**WHAT TO PRODUCE:** Transcribe each entry exactly; skip the images.

**TASK MATERIAL:**
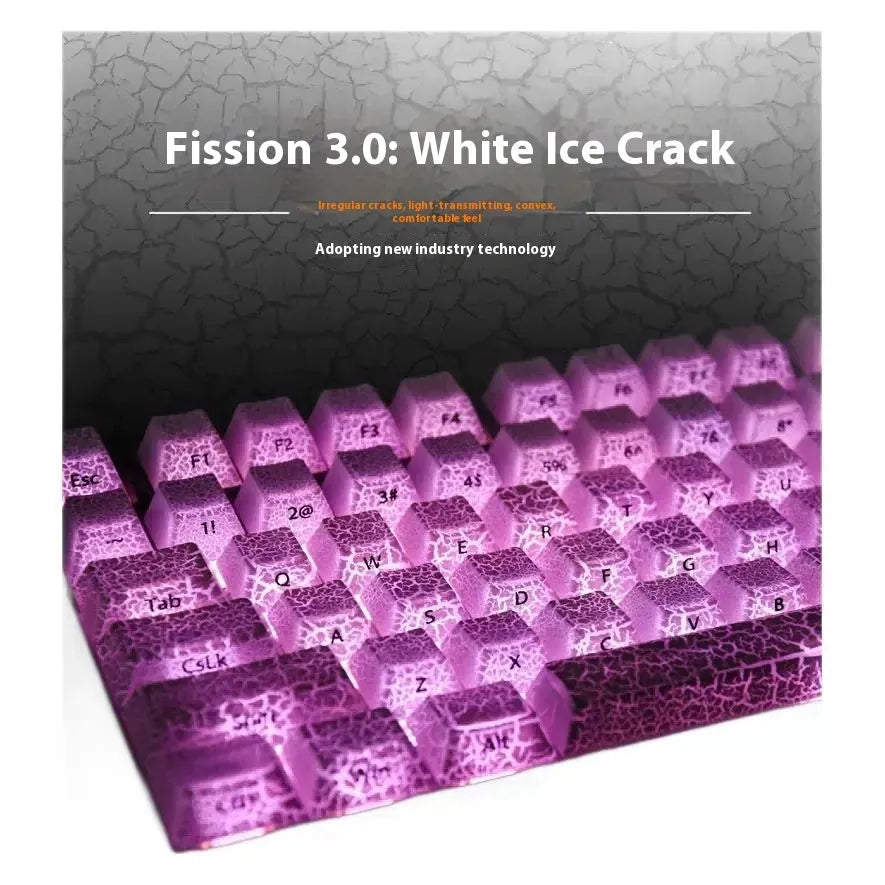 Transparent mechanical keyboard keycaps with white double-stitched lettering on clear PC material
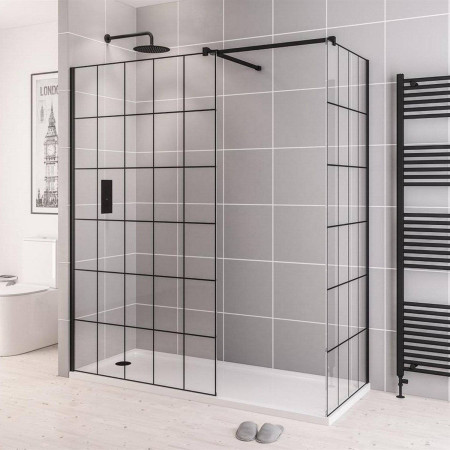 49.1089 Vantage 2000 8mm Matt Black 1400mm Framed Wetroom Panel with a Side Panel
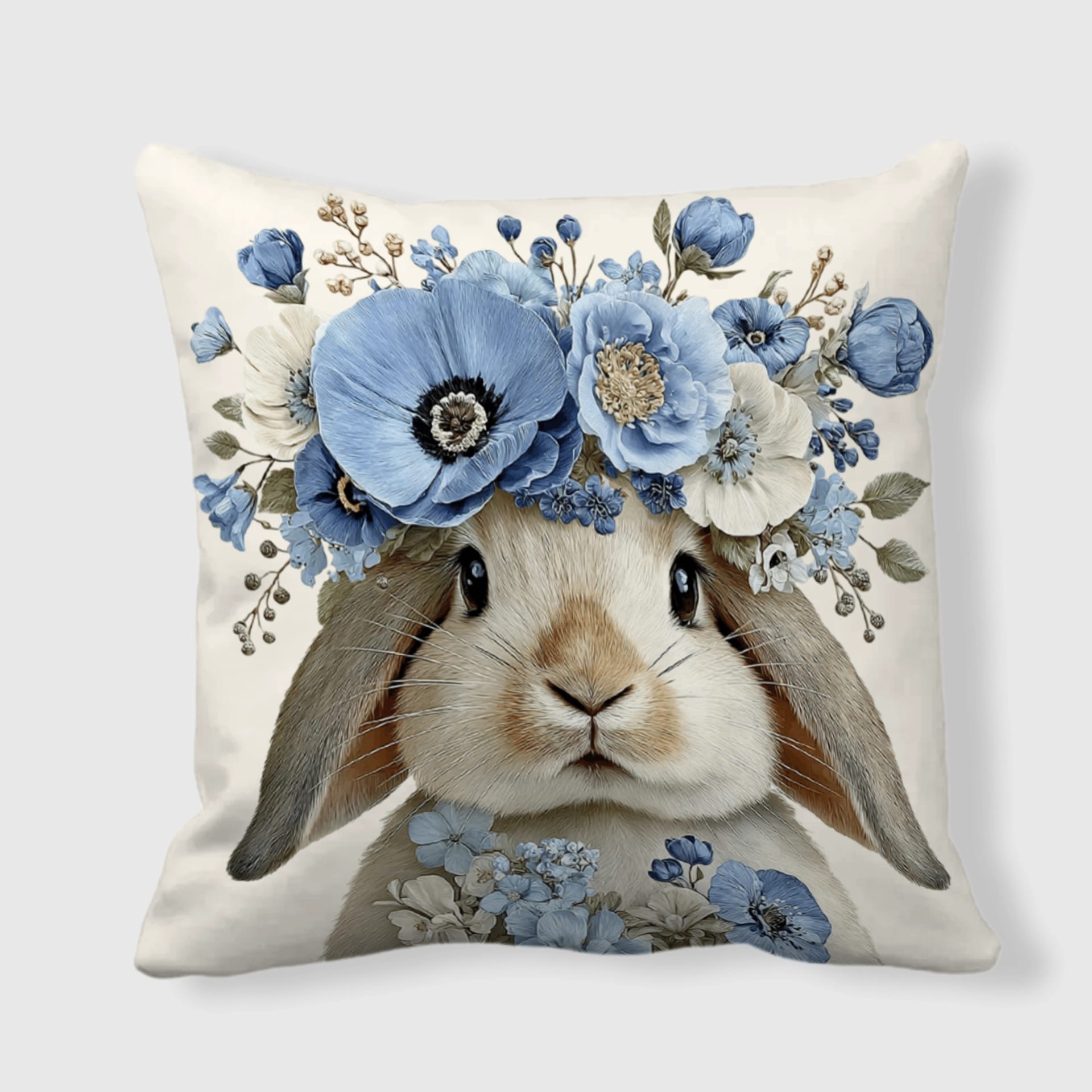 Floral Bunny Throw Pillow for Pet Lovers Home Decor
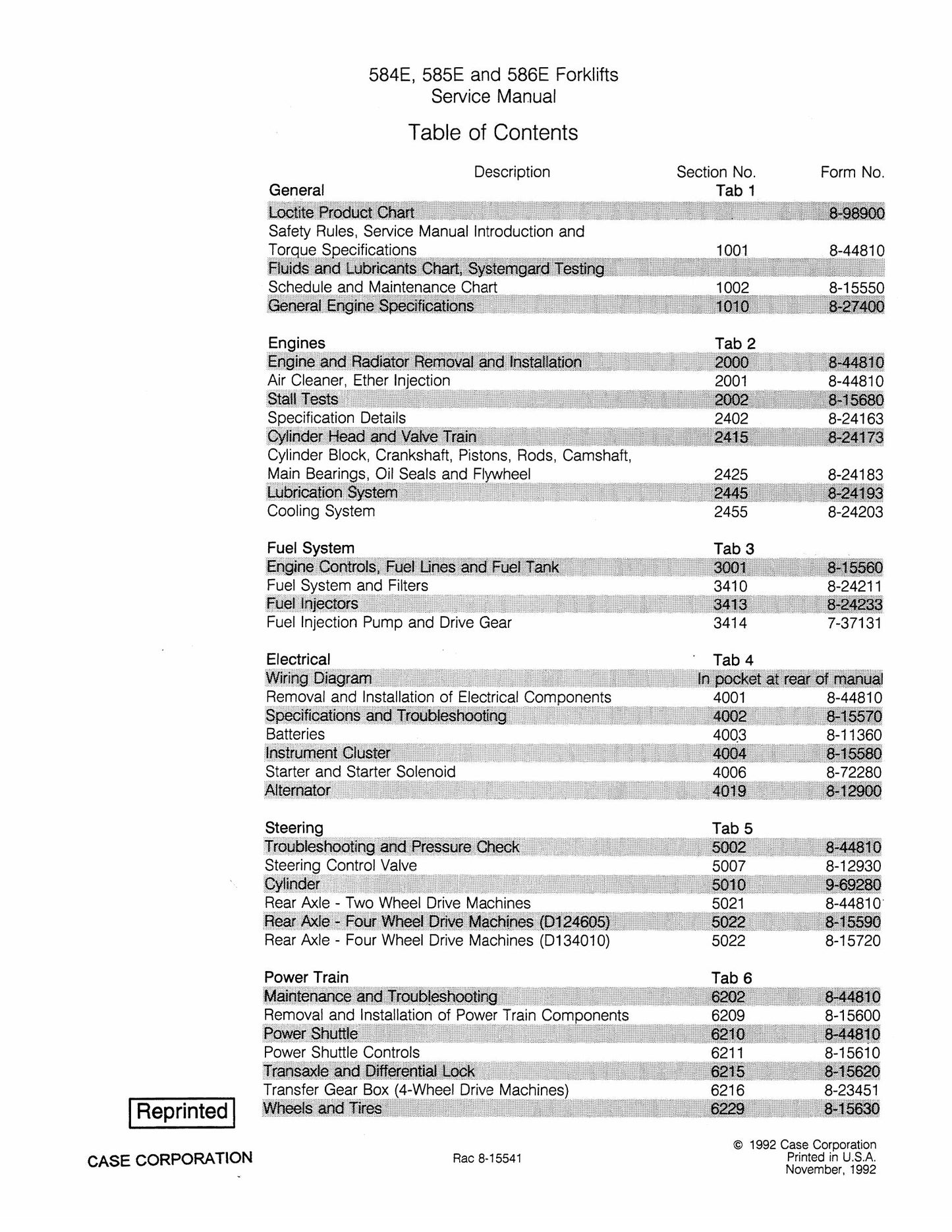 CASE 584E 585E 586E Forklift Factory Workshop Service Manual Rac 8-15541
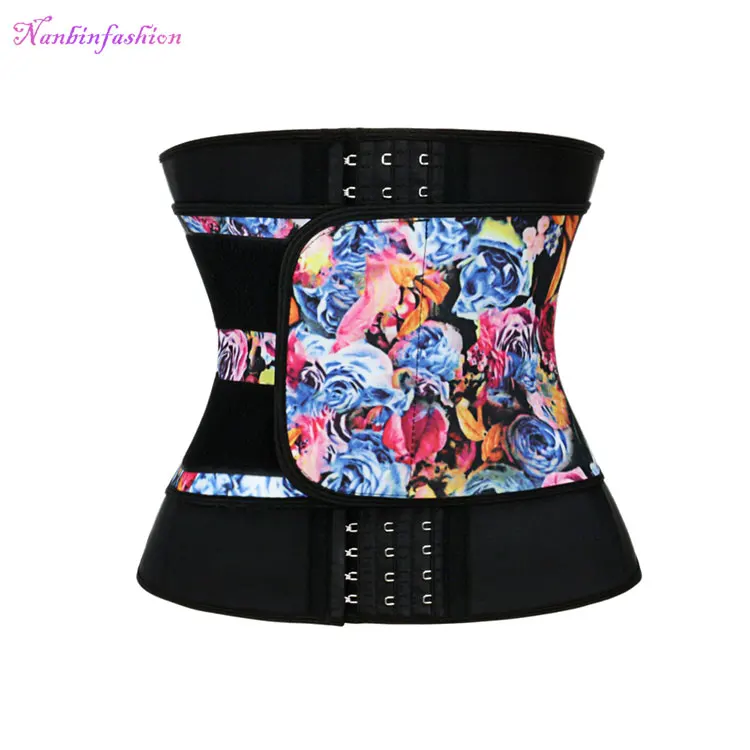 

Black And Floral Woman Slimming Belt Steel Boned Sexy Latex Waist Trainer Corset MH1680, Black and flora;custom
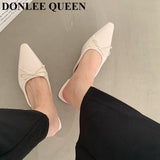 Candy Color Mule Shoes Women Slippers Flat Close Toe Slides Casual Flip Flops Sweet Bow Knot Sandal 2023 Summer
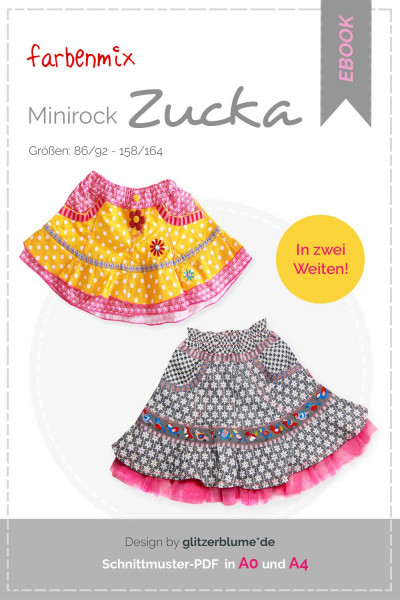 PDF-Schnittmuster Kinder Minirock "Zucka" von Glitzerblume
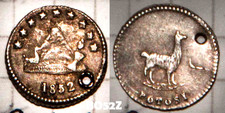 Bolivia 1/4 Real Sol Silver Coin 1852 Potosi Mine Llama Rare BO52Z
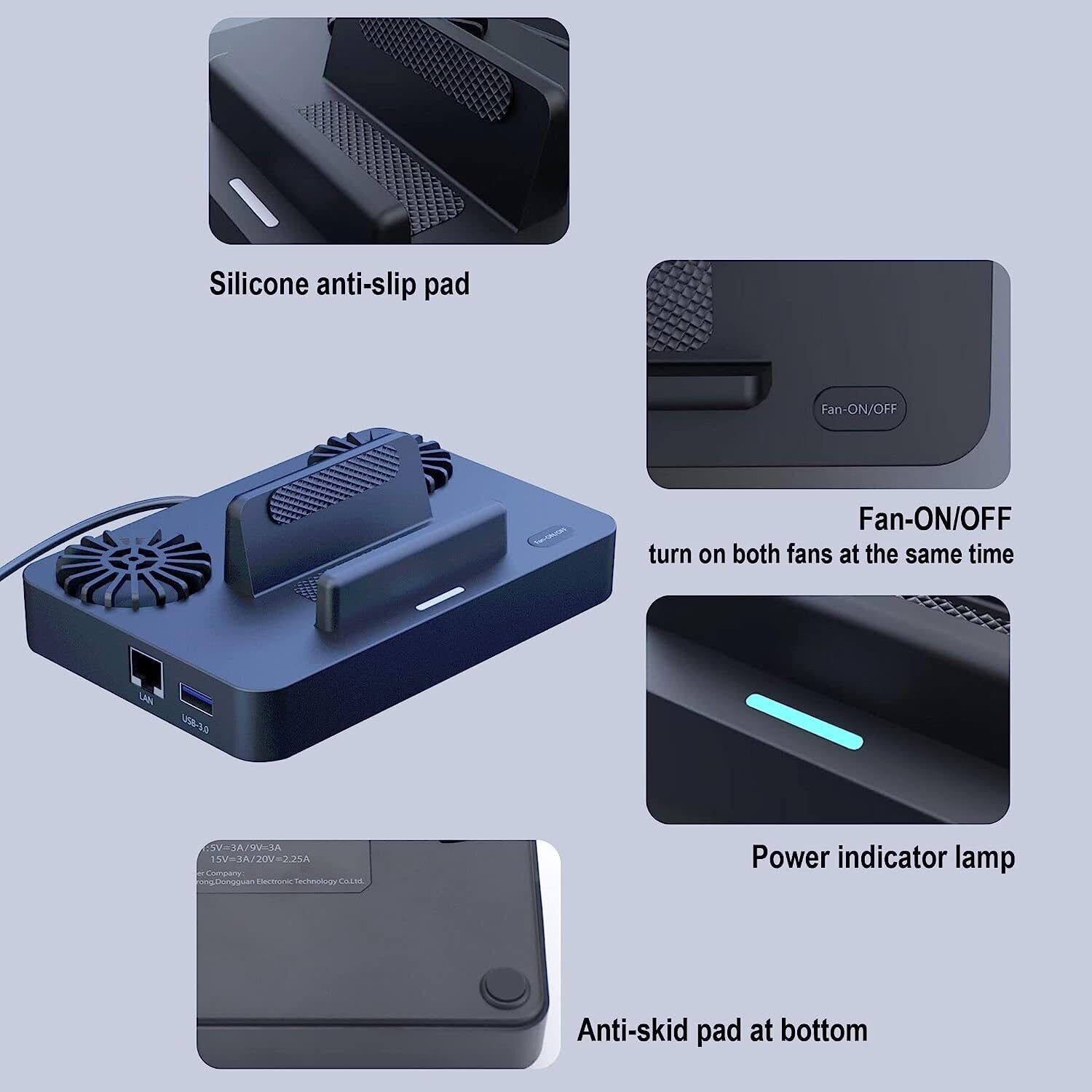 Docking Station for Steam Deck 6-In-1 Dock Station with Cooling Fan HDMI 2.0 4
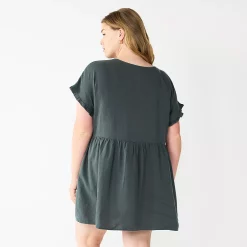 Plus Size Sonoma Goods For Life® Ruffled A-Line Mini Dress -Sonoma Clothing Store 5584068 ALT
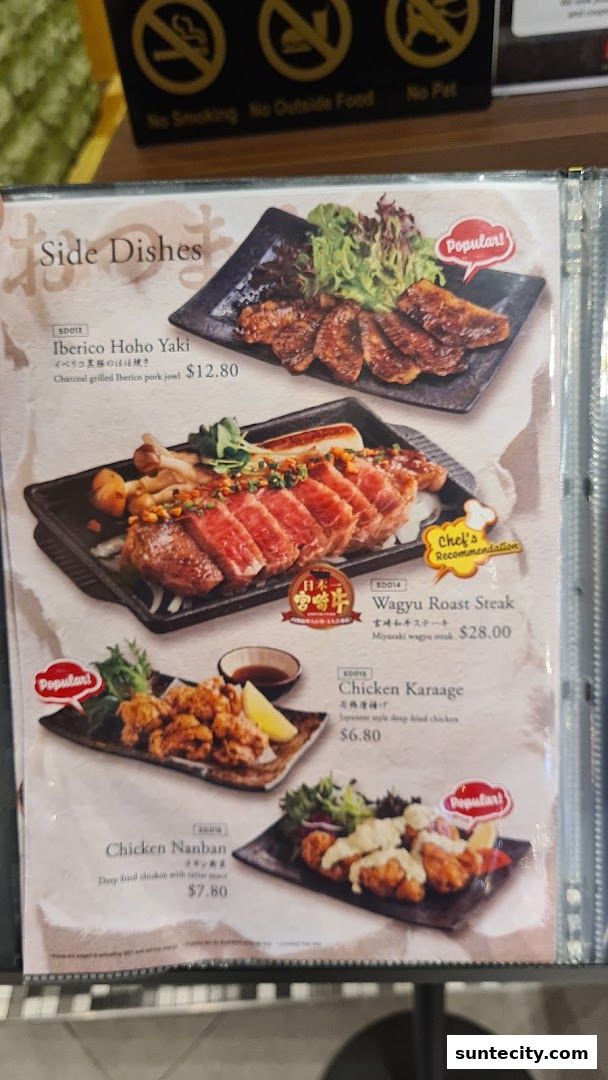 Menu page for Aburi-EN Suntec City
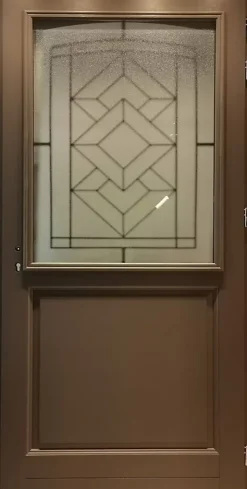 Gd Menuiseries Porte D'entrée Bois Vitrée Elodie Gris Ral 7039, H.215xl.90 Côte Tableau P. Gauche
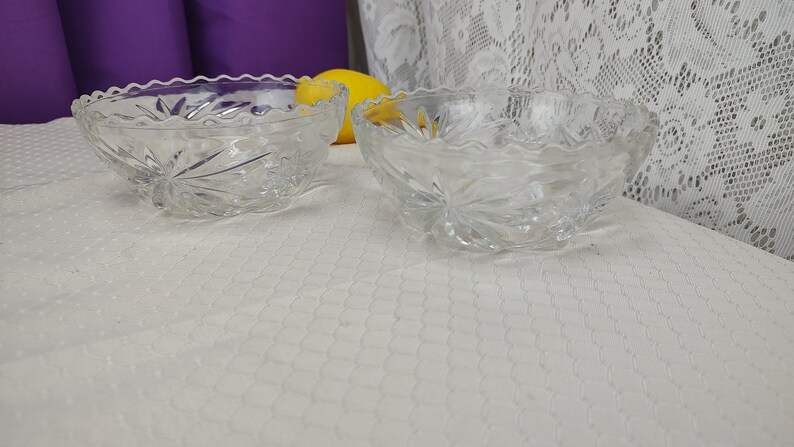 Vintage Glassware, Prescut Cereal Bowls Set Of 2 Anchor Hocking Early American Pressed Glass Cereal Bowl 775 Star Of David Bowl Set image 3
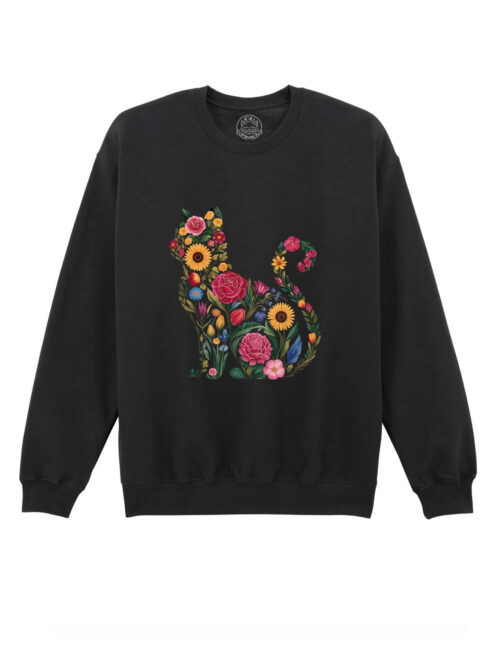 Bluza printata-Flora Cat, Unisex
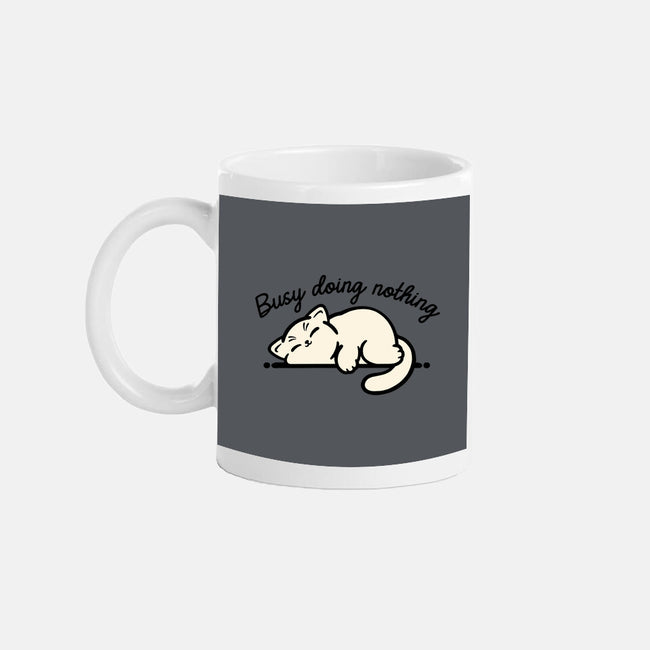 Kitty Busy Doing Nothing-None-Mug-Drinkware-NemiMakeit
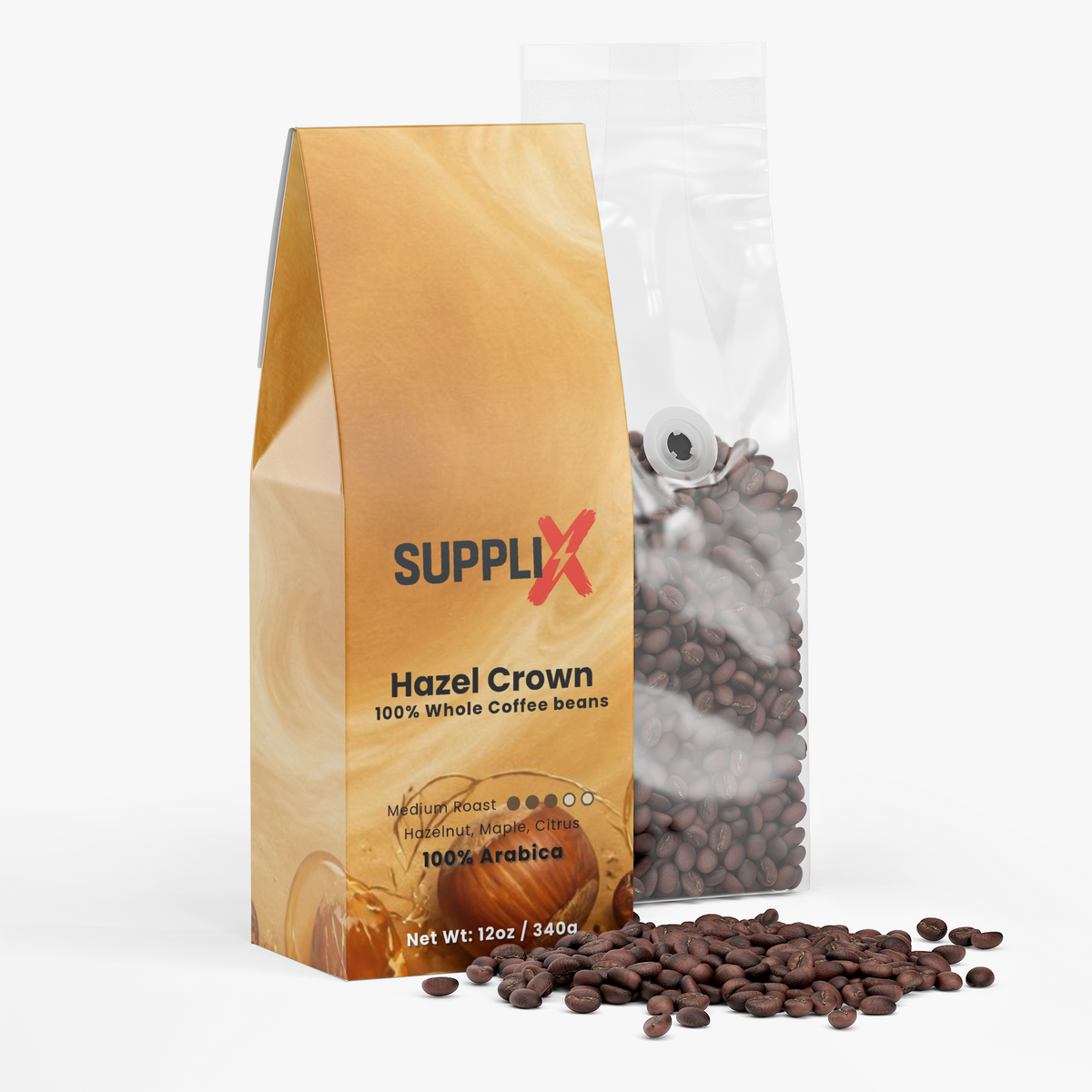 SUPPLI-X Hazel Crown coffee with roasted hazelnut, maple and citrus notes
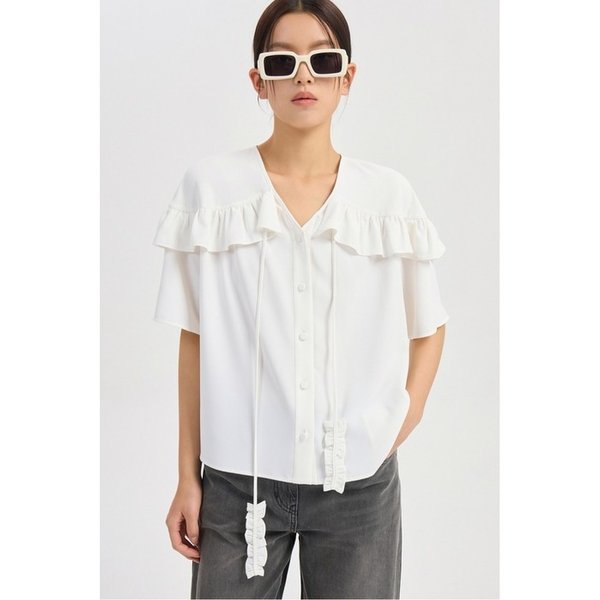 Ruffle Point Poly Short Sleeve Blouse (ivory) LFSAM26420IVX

**RESULT OF THIS EXERCISE:**
 Transparent mechanical keyboard keycaps with white double-stitched lettering on clear PC material
 49.1089 Vantage 2000 8mm Matt Black 1400mm Framed Wetroom Panel with a Side Panel
 Floral Bunny Throw Pillow for Pet Lovers Home Decor
 CASE 584E 585E 586E Forklift Factory Workshop Service Manual Rac 8-15541

Black And Floral Woman Slimming Belt Steel Boned Sexy Latex Waist Trainer Corset MH1680, Black and flora;custom
 Candy Color Mule Shoes Women Slippers Flat Close Toe Slides Casual Flip Flops Sweet Bow Knot Sandal 2023 Summer
 PDF-Schnittmuster Kinder Minirock "Zucka" von Glitzerblume
 Bolivia 1/4 Real Sol Silver Coin 1852 Potosi Mine Llama Rare BO52Z
 Docking Station for Steam Deck 6-In-1 Dock Station with Cooling Fan HDMI 2.0 4
 Plus Size Sonoma Goods For Life® Ruffled A-Line Mini Dress -Sonoma Clothing Store 5584068 ALT
 Menu page for Aburi-EN Suntec City
 Gd Menuiseries Porte D'entrée Bois Vitrée Elodie Gris Ral 7039, H.215xl.90 Côte Tableau P. Gauche
 Vintage Glassware, Prescut Cereal Bowls Set Of 2 Anchor Hocking Early American Pressed Glass Cereal Bowl 775 Star Of David Bowl Set image 3
 Bluza printata-Flora Cat, Unisex
 Kitty Busy Doing Nothing-None-Mug-Drinkware-NemiMakeit
 SUPPLI-X Hazel Crown coffee with roasted hazelnut, maple and citrus notes
 Ruffle Point Poly Short Sleeve Blouse (ivory) LFSAM26420IVX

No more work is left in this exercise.